USD/CAD Price Forecast: Prepares for fresh rally above 1.3700
The USD/CAD pair trades 0.12% higher to near 1.3695 during the European trading session on Tuesday.
  • USD/CAD rises to near 1.3695 as the US Dollar trades firmly against its peers.
  • US President Trump said on Monday that the ceasefire with Iran is on “life support”.
  • Investors await the US CPI data for fresh cues on the Federal Reserve’s (Fed) monetary policy outlook.

The USD/CAD pair trades 0.12% higher to near 1.3695 during the European trading session on Tuesday. The Loonie pair rises as the US Dollar (USD) outperforms its peers amid fears that the war between the United States (US) and Iran could resume due to the absence of a breakthrough in their negotiations.

As of writing, the US Dollar Index (DXY), which tracks the Greenback’s value against six major currencies, trades 0.3% higher to near 98.20.

On Monday, US President Donald Trump said that the counterproposal delivered by Iran against the one-page peace proposal was a “stupid proposal” and lacked Tehran’s decision on pursuing its nuclear ambitions. Trump added, “Ceasefire is on life support.”

Though the Canadian Dollar (CAD) underperforms the US Dollar (USD), the former trades firmly against its other peers as elevated oil prices have improved its appeal. Currencies from economies, such as Canada, which are net oil exporters, tend to outperform in a high oil price environment.

Later in the day, investors will focus on the US Consumer Price Index (CPI) data for April, which will be published at 12:30 GMT.

USD/CAD technical analysis

USD/CAD trades higher at around 1.3695 at the press time. The pair holds a slight bullish bias as it trades above the 20-day exponential moving average (EMA) at 1.3680, suggesting that near-term dips remain supported.

The Relative Strength Index (RSI) around 51 hints at neutral-to-firm momentum, indicating that buyers still have a modest edge while the pair consolidates near current levels.

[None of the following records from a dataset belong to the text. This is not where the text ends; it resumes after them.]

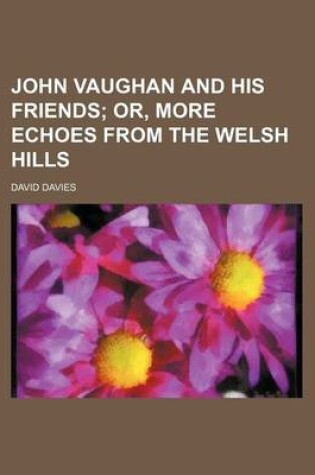 Cover of John Vaughan and His Friends; Or, More Echoes from the Welsh Hills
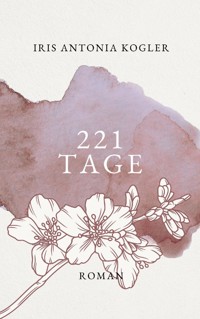 221 Tage - Iris Antonia Kogler - ebook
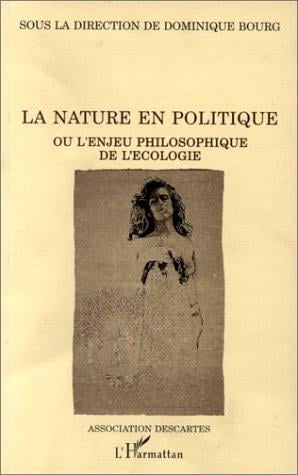 La nature en politique, ou, L'enjeu philosophique de l'écologie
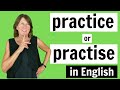 What&#39;s the difference between practise and practice in British English?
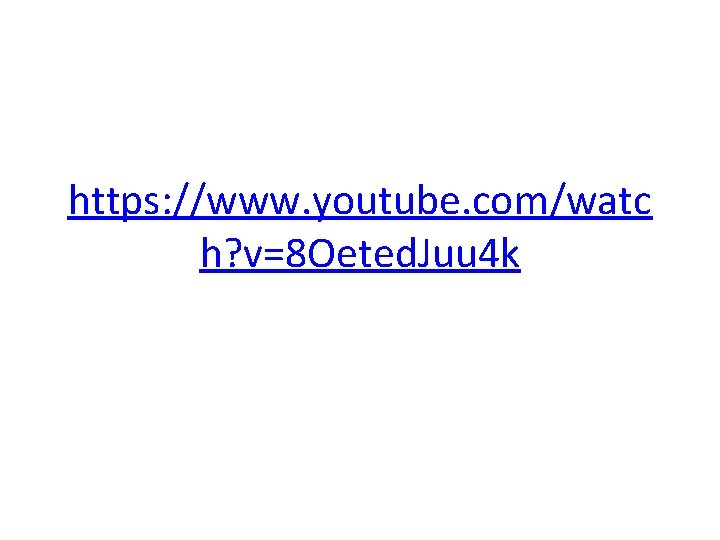 https: //www. youtube. com/watc h? v=8 Oeted. Juu 4 k https: //www. youtube. com/watc h? v=8 Oeted. Juu 4 k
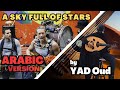 A Sky Full Of Stars Coldplay The Arabic Version Rendition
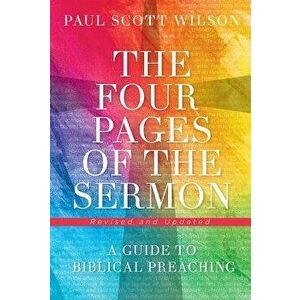 The Four Pages of the Sermon, Revised and Updated: A Guide to Biblical Preaching, Paperback - Paul Scott Wilson imagine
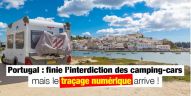 Le Portugal invente le traçage numérique des camping-cars, et assouplit les interdictions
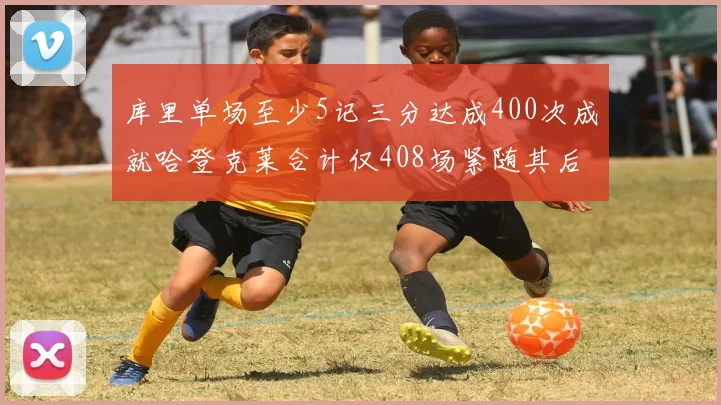 库里单场至少5记三分达成400次成就哈登克莱合计仅408场紧随其后
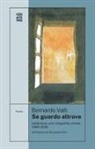Bernardo Valli - Se guardo altrove. Letteratura, arte, fotografia, cinema (1962-2019)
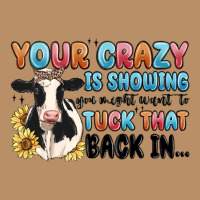 Your Crazy Is Showing You Might Want To Tuck That Vintage Hoodie | Teevron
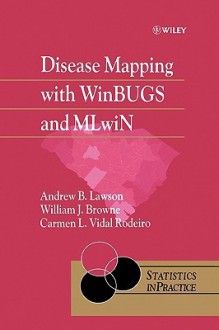 Disease Mapping with Winbugs and Mlwin - Andrew B. Lawson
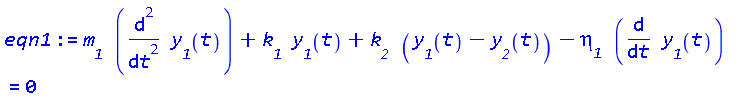 m__1*(diff(diff(y__1(t), t), t))+k__1*y__1(t)+k__2*(y__1(t)-y__2(t))-eta__1*(diff(y__1(t), t)) = 0
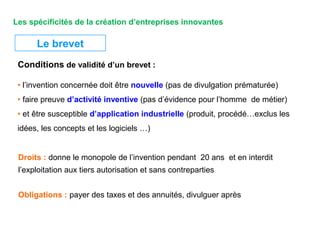Le brevet
Conditions de validité d’un brevet :
Droits : donne le monopole de l’invention pendant 20 ans et en interdit
l’exploitation aux tiers autorisation et sans contreparties
Obligations : payer des taxes et des annuités, divulguer après
• l’invention concernée doit être nouvelle (pas de divulgation prématurée)
• faire preuve d’activité inventive (pas d’évidence pour l’homme de métier)
• et être susceptible d’application industrielle (produit, procédé…exclus les
idées, les concepts et les logiciels …)
Les spécificités de la création d’entreprises innovantes
 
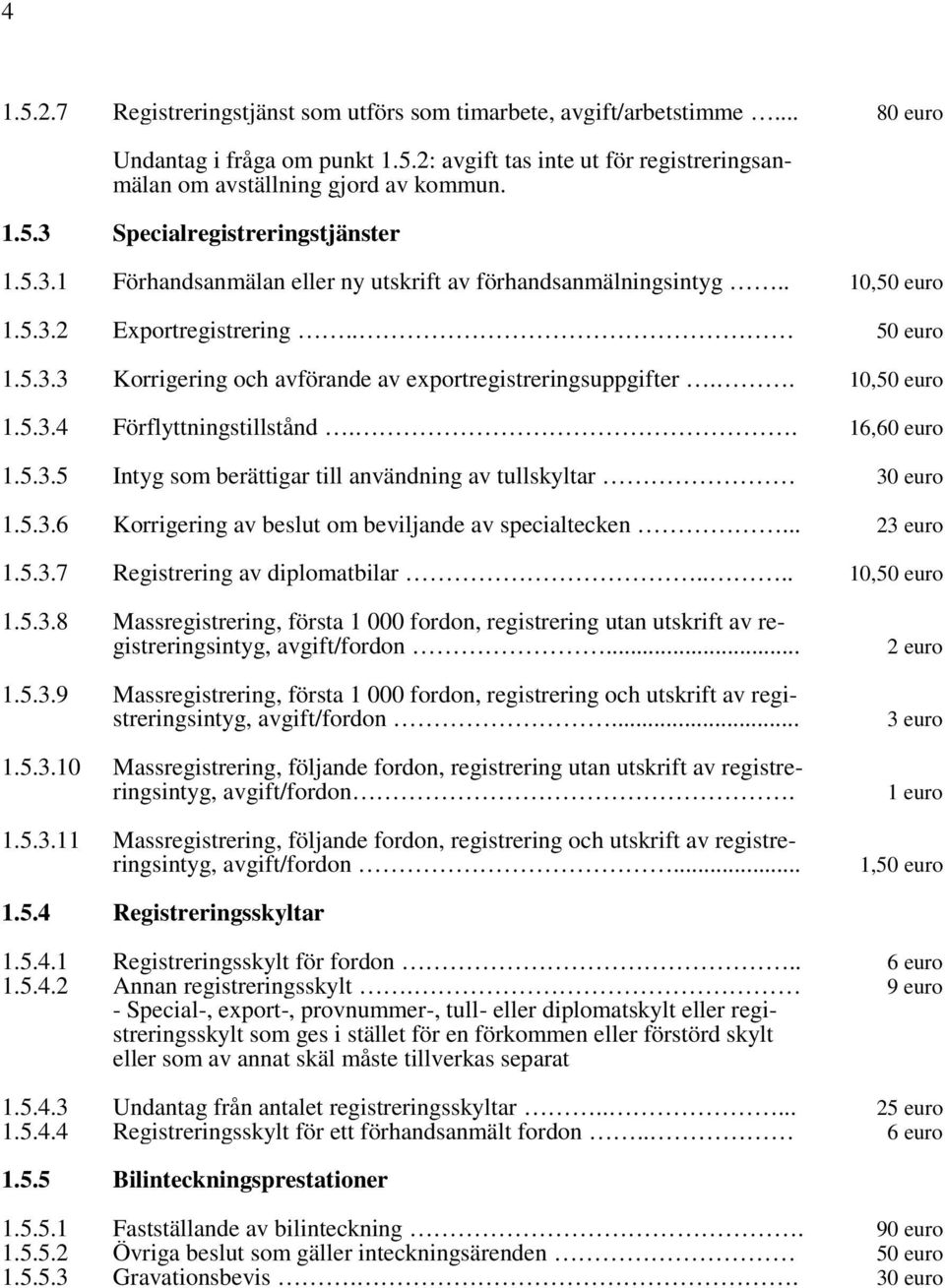 . 16,60 euro 1.5.3.5 Intyg som berättigar till användning av tullskyltar 30 euro 1.5.3.6 Korrigering av beslut om beviljande av specialtecken... 23 euro 1.5.3.7 Registrering av diplomatbilar.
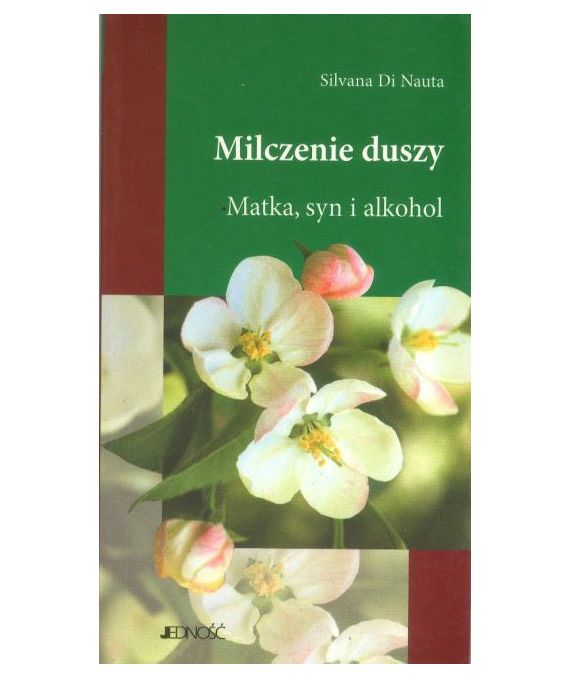 Milczenie duszy. Matka, syn i alkohol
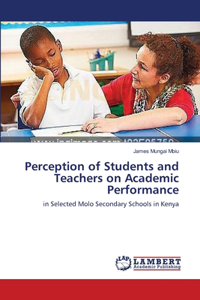Perception of Students and Teachers on Academic Performance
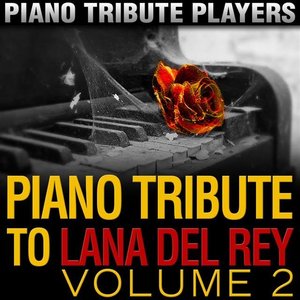 Piano Tribute to Lana Del Rey, Vol. 2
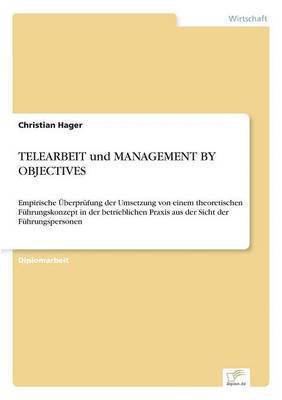 TELEARBEIT und MANAGEMENT BY OBJECTIVES 1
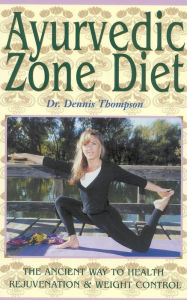 Title: Ayurvedic Zone Diet: The Ancient Way to Health Rejuvenation and Weight Control, Author: Dr. Dennis Thompson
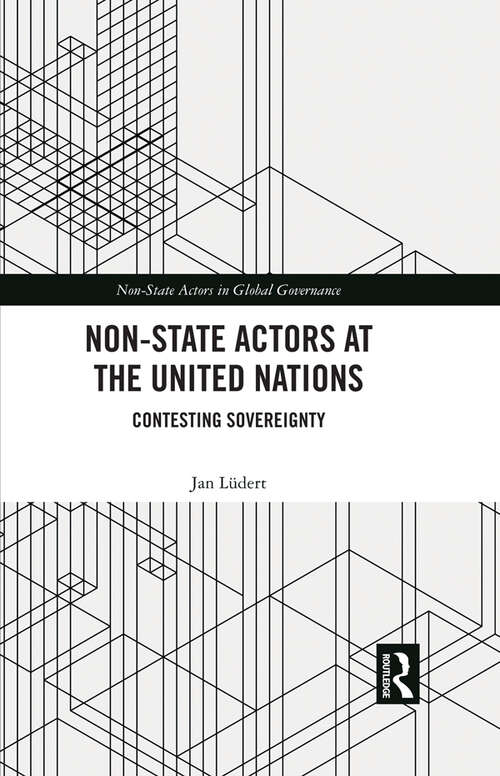 Book cover of Non-State Actors at the United Nations: Contesting Sovereignty (Non-State Actors in Global Governance)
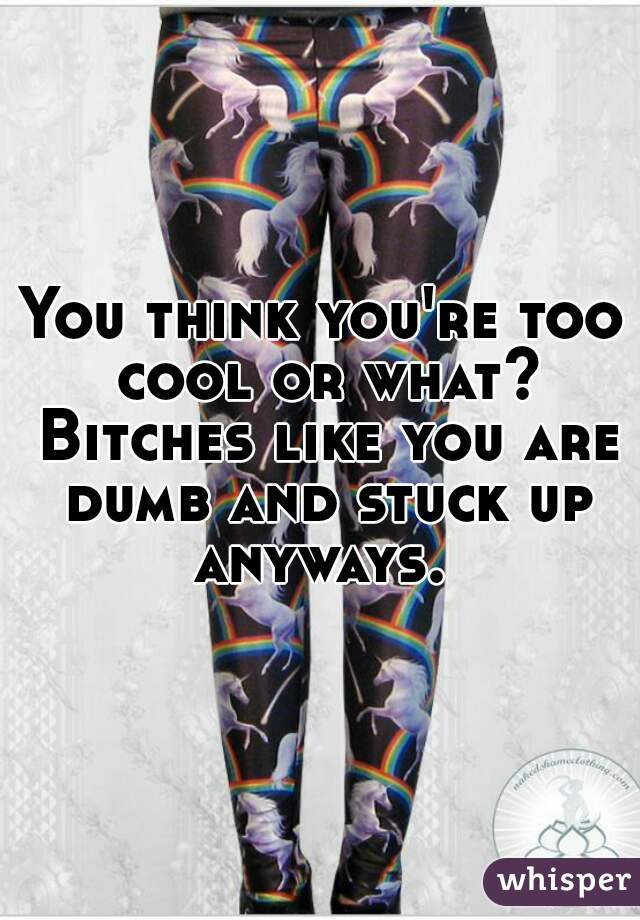 You think you're too cool or what? Bitches like you are dumb and stuck up anyways.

Looking up, the pair could extend its advance towards the April 14 high at 1.3793 if it manages to hold above the April 24 high at 1.3715.

On the downside, the 20-day EMA at 1.3680 is the immediate support; a sustained break beneath that EMA would expose a deeper correction towards the May 7 low of 1.3620.

(The technical analysis of this story was written with the help of an AI tool.)

Canadian Dollar FAQs

The key factors driving the Canadian Dollar (CAD) are the level of interest rates set by the Bank of Canada (BoC), the price of Oil, Canada’s largest export, the health of its economy, inflation and the Trade Balance, which is the difference between the value of Canada’s exports versus its imports. Other factors include market sentiment – whether investors are taking on more risky assets (risk-on) or seeking safe-havens (risk-off) – with risk-on being CAD-positive. As its largest trading partner, the health of the US economy is also a key factor influencing the Canadian Dollar.

The Bank of Canada (BoC) has a significant influence on the Canadian Dollar by setting the level of interest rates that banks can lend to one another. This influences the level of interest rates for everyone. The main goal of the BoC is to maintain inflation at 1-3% by adjusting interest rates up or down. Relatively higher interest rates tend to be positive for the CAD. The Bank of Canada can also use quantitative easing and tightening to influence credit conditions, with the former CAD-negative and the latter CAD-positive.

The price of Oil is a key factor impacting the value of the Canadian Dollar. Petroleum is Canada’s biggest export, so Oil price tends to have an immediate impact on the CAD value. Generally, if Oil price rises CAD also goes up, as aggregate demand for the currency increases. The opposite is the case if the price of Oil falls. Higher Oil prices also tend to result in a greater likelihood of a positive Trade Balance, which is also supportive of the CAD.

While inflation had always traditionally been thought of as a negative factor for a currency since it lowers the value of money, the opposite has actually been the case in modern times with the relaxation of cross-border capital controls. Higher inflation tends to lead central banks to put up interest rates which attracts more capital inflows from global investors seeking a lucrative place to keep their money. This increases demand for the local currency, which in Canada’s case is the Canadian Dollar.

Macroeconomic data releases gauge the health of the economy and can have an impact on the Canadian Dollar. Indicators such as GDP, Manufacturing and Services PMIs, employment, and consumer sentiment surveys can all influence the direction of the CAD. A strong economy is good for the Canadian Dollar. Not only does it attract more foreign investment but it may encourage the Bank of Canada to put up interest rates, leading to a stronger currency. If economic data is weak, however, the CAD is likely to fall.